Information provided
────
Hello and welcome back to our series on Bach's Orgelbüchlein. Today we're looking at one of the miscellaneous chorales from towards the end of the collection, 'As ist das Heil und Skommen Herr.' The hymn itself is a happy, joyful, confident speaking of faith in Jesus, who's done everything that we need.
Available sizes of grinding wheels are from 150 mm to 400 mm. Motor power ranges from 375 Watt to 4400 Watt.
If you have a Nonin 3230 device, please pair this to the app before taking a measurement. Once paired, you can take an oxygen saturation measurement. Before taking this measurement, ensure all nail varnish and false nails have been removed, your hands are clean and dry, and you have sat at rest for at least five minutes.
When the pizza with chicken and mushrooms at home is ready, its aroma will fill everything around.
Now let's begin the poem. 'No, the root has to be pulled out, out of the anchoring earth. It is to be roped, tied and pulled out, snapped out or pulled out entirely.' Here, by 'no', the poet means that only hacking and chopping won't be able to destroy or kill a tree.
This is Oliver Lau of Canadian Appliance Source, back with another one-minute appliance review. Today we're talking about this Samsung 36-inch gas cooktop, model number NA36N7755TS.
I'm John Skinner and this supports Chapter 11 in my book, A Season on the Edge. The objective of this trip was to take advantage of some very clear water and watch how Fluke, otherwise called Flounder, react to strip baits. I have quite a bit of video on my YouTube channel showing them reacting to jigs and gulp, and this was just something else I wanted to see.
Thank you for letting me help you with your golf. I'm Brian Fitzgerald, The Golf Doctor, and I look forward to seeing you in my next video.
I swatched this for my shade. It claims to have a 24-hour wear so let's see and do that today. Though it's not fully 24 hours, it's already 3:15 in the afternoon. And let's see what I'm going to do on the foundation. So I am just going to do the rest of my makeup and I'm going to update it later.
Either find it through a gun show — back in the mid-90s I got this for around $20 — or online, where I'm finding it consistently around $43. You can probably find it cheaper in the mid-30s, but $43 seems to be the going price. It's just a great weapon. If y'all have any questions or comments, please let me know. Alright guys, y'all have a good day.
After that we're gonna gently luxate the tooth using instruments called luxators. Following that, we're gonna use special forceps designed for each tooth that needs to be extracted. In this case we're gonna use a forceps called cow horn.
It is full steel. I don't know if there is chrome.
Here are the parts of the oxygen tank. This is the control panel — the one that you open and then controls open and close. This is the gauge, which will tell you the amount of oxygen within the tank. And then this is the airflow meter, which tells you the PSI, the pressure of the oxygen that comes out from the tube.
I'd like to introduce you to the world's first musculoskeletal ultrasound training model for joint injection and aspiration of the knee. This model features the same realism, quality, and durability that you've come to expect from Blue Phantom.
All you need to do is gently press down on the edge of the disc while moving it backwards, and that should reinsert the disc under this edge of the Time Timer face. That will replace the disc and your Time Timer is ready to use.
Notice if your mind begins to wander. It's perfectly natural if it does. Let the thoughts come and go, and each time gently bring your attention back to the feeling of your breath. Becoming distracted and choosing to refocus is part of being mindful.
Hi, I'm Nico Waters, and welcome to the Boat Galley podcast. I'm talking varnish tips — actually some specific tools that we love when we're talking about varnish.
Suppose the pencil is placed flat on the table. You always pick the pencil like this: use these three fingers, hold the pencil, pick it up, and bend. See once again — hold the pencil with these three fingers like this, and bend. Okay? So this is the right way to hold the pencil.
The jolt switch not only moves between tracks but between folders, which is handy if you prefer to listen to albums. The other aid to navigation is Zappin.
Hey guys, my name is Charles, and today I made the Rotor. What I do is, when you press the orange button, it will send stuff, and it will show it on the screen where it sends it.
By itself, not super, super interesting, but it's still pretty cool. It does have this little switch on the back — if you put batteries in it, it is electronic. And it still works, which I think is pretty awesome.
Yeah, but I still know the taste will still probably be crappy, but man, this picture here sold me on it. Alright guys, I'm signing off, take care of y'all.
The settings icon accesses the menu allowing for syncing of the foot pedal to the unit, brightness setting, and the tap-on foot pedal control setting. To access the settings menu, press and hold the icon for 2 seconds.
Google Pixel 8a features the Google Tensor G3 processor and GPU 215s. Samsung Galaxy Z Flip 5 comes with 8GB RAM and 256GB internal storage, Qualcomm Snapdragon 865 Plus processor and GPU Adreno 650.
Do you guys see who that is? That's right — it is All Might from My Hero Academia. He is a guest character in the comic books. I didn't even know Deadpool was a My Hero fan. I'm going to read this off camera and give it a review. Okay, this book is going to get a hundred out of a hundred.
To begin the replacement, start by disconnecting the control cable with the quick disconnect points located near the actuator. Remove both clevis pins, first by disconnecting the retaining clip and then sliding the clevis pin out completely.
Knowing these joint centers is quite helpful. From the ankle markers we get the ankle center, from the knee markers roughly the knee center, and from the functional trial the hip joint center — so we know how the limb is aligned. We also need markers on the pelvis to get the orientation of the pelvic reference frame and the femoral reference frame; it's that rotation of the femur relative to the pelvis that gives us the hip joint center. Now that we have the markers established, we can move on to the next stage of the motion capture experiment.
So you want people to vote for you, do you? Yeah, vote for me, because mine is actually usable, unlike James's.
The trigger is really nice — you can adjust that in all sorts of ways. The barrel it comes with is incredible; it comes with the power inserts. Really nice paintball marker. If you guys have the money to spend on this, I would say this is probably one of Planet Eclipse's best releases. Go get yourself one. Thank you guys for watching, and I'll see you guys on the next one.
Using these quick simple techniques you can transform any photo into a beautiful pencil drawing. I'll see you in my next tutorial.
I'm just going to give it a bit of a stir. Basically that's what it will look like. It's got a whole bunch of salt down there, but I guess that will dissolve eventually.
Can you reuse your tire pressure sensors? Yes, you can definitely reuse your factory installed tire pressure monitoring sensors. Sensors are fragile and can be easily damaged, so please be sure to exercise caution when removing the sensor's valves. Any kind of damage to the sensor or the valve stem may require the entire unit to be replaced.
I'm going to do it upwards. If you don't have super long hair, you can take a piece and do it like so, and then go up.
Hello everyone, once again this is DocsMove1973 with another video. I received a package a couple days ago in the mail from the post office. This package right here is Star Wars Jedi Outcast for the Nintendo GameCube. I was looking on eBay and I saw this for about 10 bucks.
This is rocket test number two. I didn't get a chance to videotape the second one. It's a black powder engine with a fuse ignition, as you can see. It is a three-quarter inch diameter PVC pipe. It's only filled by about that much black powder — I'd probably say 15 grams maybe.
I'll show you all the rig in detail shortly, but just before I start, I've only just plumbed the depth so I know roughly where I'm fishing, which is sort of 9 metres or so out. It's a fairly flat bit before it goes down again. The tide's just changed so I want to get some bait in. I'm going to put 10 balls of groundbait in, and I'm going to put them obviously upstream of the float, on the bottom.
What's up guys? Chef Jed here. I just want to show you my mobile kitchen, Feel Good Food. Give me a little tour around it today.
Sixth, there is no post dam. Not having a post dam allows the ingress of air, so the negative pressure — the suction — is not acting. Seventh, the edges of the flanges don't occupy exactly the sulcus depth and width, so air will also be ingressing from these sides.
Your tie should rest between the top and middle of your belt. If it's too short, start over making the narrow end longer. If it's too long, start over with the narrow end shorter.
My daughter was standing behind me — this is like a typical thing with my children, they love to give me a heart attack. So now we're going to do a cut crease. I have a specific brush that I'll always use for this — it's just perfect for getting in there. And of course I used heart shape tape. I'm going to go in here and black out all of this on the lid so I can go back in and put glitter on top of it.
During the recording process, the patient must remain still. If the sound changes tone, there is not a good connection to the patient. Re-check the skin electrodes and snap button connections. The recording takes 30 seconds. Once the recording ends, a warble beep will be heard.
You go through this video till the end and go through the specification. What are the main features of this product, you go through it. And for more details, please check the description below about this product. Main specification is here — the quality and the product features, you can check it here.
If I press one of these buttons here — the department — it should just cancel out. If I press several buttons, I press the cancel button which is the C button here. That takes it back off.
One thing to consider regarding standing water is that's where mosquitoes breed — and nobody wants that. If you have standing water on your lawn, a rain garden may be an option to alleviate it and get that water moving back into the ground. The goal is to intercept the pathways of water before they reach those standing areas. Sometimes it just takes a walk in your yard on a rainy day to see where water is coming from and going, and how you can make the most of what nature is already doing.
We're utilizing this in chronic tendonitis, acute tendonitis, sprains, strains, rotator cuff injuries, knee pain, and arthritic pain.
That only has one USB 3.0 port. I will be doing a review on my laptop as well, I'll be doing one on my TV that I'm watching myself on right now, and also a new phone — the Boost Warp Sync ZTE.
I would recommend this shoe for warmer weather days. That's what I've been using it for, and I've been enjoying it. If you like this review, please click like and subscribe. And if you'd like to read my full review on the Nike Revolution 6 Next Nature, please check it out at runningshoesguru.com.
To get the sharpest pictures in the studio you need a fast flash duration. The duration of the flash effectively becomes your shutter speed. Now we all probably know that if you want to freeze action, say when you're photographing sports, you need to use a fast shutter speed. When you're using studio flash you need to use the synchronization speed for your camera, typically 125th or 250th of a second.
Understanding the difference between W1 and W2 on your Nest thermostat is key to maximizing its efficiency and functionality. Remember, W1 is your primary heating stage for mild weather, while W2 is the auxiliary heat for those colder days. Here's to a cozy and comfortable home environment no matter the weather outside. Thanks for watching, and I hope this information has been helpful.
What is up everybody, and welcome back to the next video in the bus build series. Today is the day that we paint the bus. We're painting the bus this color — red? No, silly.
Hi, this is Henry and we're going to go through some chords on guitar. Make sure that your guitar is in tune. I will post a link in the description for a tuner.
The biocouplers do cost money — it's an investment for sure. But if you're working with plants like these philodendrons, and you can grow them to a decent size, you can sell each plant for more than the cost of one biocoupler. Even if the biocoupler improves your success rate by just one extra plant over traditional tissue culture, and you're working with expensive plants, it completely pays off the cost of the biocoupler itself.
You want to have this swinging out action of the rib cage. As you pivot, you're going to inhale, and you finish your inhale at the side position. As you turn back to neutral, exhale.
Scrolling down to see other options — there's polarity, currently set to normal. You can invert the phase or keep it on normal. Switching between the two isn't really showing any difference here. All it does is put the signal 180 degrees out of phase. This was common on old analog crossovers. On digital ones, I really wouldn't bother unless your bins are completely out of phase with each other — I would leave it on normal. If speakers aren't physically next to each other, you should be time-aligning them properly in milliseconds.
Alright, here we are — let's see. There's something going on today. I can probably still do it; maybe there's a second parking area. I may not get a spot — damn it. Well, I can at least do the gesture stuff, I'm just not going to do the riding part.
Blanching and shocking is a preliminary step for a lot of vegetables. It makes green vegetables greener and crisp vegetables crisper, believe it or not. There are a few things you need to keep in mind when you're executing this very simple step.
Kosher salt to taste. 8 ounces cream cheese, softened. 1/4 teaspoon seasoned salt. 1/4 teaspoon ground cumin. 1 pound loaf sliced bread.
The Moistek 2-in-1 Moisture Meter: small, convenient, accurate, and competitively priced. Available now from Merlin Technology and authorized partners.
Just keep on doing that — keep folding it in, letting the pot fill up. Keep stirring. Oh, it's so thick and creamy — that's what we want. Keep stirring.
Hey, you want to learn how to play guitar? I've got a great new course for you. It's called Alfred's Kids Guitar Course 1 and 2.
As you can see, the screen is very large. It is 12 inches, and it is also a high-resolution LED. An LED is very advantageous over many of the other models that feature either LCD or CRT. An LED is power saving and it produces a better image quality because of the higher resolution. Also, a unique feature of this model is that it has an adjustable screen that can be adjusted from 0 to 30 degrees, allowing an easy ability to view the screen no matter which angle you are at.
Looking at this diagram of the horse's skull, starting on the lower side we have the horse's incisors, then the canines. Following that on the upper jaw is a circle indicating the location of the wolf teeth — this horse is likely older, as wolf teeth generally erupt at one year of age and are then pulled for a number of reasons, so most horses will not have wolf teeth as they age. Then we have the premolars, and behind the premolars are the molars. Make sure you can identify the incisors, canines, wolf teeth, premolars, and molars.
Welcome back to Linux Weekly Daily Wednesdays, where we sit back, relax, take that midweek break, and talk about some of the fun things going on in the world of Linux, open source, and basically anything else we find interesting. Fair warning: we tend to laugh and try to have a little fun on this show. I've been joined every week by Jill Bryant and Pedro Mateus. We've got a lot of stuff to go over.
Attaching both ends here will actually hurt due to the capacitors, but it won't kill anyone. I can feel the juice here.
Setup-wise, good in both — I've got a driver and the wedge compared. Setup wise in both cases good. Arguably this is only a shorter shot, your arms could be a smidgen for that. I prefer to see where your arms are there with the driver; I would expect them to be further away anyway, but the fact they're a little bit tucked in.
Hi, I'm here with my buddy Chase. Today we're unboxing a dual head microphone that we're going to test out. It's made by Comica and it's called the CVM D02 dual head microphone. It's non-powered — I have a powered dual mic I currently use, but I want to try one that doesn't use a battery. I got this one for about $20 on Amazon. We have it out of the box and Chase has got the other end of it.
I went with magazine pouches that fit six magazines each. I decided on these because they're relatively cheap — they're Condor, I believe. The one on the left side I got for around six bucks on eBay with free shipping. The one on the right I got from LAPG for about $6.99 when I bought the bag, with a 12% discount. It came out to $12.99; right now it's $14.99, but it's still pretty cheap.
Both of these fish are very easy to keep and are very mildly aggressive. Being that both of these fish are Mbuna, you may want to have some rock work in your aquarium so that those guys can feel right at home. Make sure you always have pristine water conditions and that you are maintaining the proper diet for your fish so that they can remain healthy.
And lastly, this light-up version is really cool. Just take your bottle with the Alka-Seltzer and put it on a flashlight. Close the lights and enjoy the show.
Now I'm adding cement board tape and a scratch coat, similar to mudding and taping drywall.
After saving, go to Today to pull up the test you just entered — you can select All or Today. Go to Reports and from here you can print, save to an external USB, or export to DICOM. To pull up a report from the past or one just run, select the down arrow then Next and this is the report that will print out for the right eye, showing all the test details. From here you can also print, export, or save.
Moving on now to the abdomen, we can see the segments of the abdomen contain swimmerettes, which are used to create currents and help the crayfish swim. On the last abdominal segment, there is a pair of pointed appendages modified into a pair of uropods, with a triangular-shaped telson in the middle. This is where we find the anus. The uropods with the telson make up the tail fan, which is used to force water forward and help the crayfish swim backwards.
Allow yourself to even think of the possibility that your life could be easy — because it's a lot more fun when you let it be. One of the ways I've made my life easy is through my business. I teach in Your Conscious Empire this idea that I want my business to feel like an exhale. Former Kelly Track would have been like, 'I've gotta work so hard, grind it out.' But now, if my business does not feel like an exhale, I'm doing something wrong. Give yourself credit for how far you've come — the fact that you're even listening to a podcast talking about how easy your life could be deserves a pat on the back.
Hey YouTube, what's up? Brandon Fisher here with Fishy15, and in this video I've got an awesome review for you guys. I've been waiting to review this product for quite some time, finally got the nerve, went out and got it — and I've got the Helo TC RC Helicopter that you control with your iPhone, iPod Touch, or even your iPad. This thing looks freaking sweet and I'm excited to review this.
────
Task statement
Take the line above containing "I'm John Skinner", the line containing "I swatched this", and all lines in between, and copy them exactly without anything else.

Solution to the exercise
I'm John Skinner and this supports Chapter 11 in my book, A Season on the Edge. The objective of this trip was to take advantage of some very clear water and watch how Fluke, otherwise called Flounder, react to strip baits. I have quite a bit of video on my YouTube channel showing them reacting to jigs and gulp, and this was just something else I wanted to see.
Thank you for letting me help you with your golf. I'm Brian Fitzgerald, The Golf Doctor, and I look forward to seeing you in my next video.
I swatched this for my shade. It claims to have a 24-hour wear so let's see and do that today. Though it's not fully 24 hours, it's already 3:15 in the afternoon. And let's see what I'm going to do on the foundation. So I am just going to do the rest of my makeup and I'm going to update it later.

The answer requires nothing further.